We are dependent, limited, and tribal animals. When we reach our limits, in our society, we don’t want to slow down or stop. We instead want to keep going and to overcome, often leveraging technology to enable what would otherwise be impossible.

My phone is acting up these days and the GPS is laggy. Today, as I drove through the city, with a malfunctioning GPS, I remembered when I first moved to Atlanta, before GPS, and how I got lost numerous times. I often struggled to find my way to the destination or back home. Getting lost can also happen in other ways, sometimes in ways and places we don't expect.

I’m reminded today, and by friends who love me, that when my emotions are high and my words and actions are falling short, I’ve gone beyond my capacity. I’ve reached the end of myself and something more, beyond myself and my work, is needed. We are all dormant radicals. The source we draw upon dictates the type of life we have and it determines our focus.

The following is an excerpt from today’s My Utmost for His Highest Christian devotional.

“Then Jesus, looking at him, loved him…' This look of Jesus will require breaking your heart away forever from allegiance to any other person or thing.
Where you are soft and pliable with God is where the Lord has looked at you. If you are hard and vindictive, insistent on having your own way, and always certain that the other person is more likely to be in the wrong than you are, then there are whole areas of your nature that have never been transformed by His gaze.“ - Oswald Chambers
It’s easy to speak and act virtuously when we have power, or things are tame and going well. But when the stakes, tensions, and emotions are high, our sinful nature comes through. What we’ve repeatedly fed our souls comes out of us. And so when I’ve gone beyond my capacity, depending on myself, I become this tyrant. I act on the belief that I must change things how I want them to be. And I use methods that are not in alignment with the way of Jesus.
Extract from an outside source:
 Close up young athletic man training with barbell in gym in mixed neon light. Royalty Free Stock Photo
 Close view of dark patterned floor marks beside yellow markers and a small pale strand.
We wield power over others, often harming them. What a powerful contrast to the power Jesus wielded. While he was arrested, falsely accused, punished, and killed, He could have used his power to defend himself or to destroy his adversaries. And yet he chose love instead. Wow!
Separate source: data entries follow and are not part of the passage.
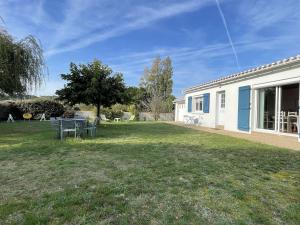 a house with a yard with a picnic table at Maison avec Jardin Clos près de la Plage - 5 Couchages, 3 Étoiles, Ménage Inclus - FR-1-224B-474 in Barbâtre
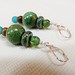 http://www.etsy.com/listing/71774078/ocean-inspired-ceramic-dangling-earrings?ref=v1_other_1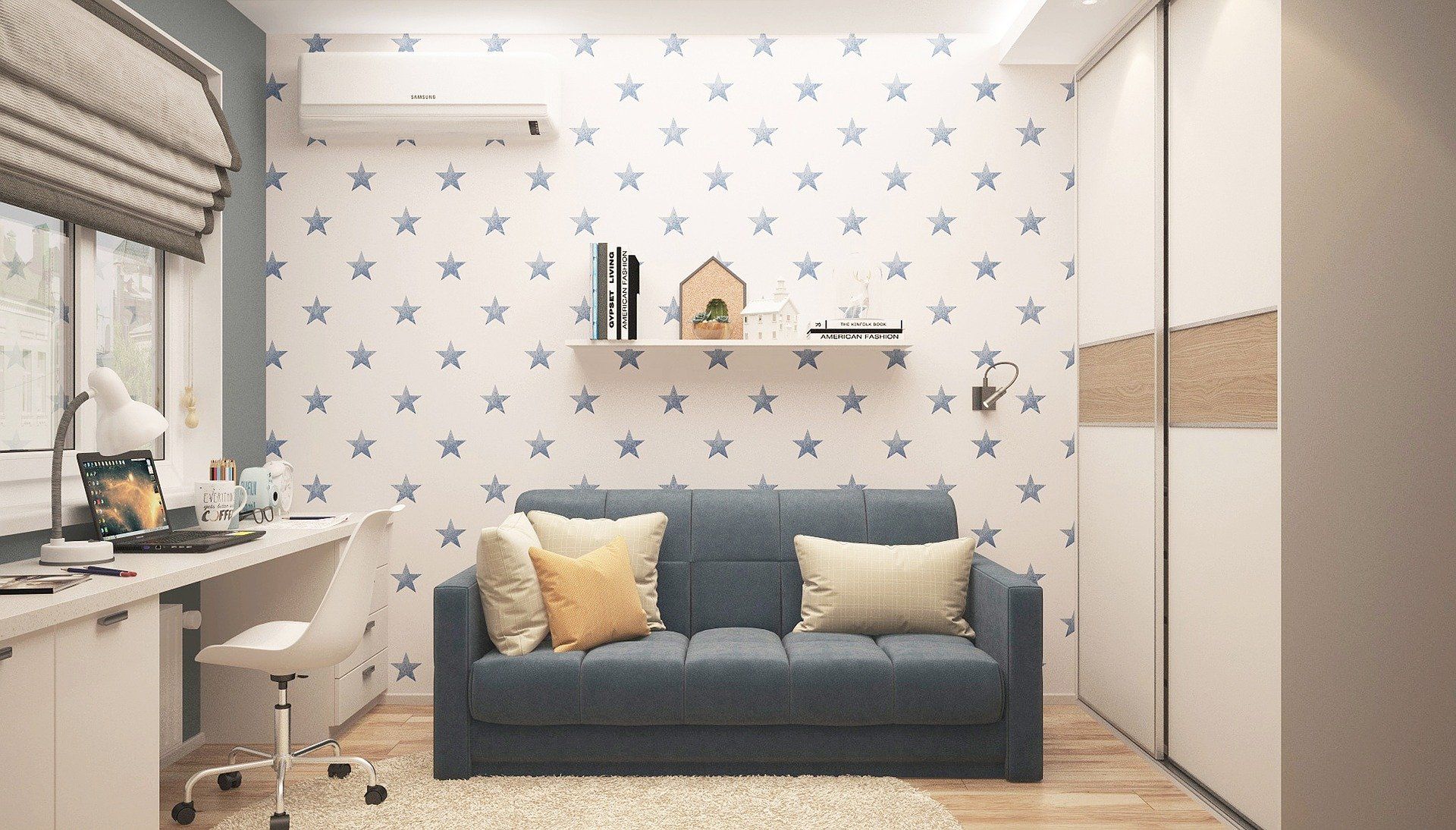 A cozy room with a blue sofa, star-patterned wall, desk, and a white closet.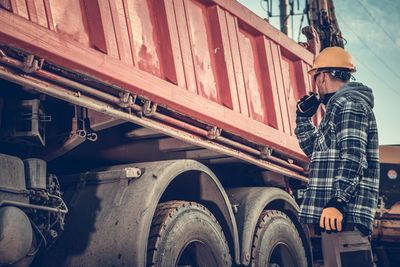 Side view of worker standing by truck at construction site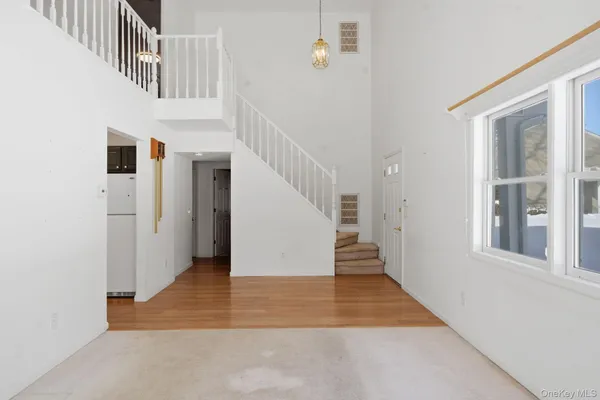 a view of a hallway with wooden floor and a kitchen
The early stages of our tyrannical behavior are a helpful sign to me and my friends that there is transformational work to be done in me (especially in contrast to the loving standard Jesus imputes into us). My tyranny is a signal that I’ve lost sight of my primary allegiance and vision. It’s a moment to pause and reflect.

As a freelancer, there have been numerous times where I've unfairly not gotten paid. My inclination is to allow my inner tyrant to come out. But it is in these cases, I've instead chosen to create a system that limits the consequences when this happens, and trust God to resolve the situation on my behalf. It's not to say we should allow people to treat us poorly but that we should not become that which takes advantage of us; kind but firm as Mary Poppins says.
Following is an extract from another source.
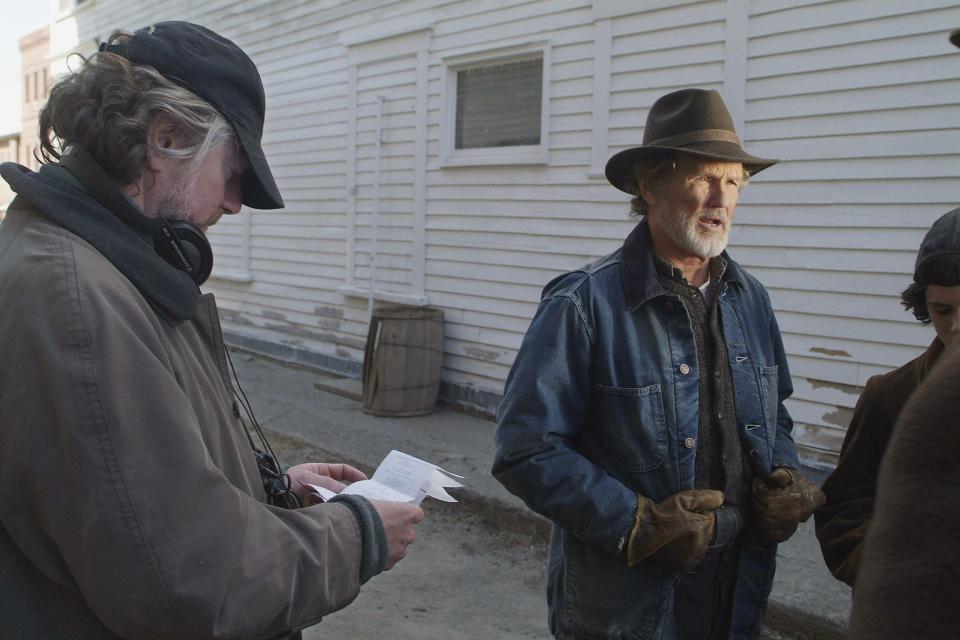 Actor Kris Kristofferson (right) plays Quebec Bill in Jay Craven's (left) film, "Disappearances," in St. Johnsbury in 2005.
Thankfully, we are not left to our destructive selves. The love of Jesus is available to us all, and it is his life and love that softens the hearts of tyrants who embrace Him, including me.

Without Jesus' love, and my effort to accept it, I risk deepening my sense of having control, my self-reliance, and my incompleteness masked as completeness. If God is in control, I’m reliant on him, and he is who makes me complete, I’m liberated to be and love others how he has loved me.

This post is my reminder to embrace that love. It’s to invite you to hold me accountable. We need each other.

Consider praying the following... “Lord, show me where my heart needs softening. Please look at and love me in that part of my life. “

Not a Christian? Give it a try. See what happens.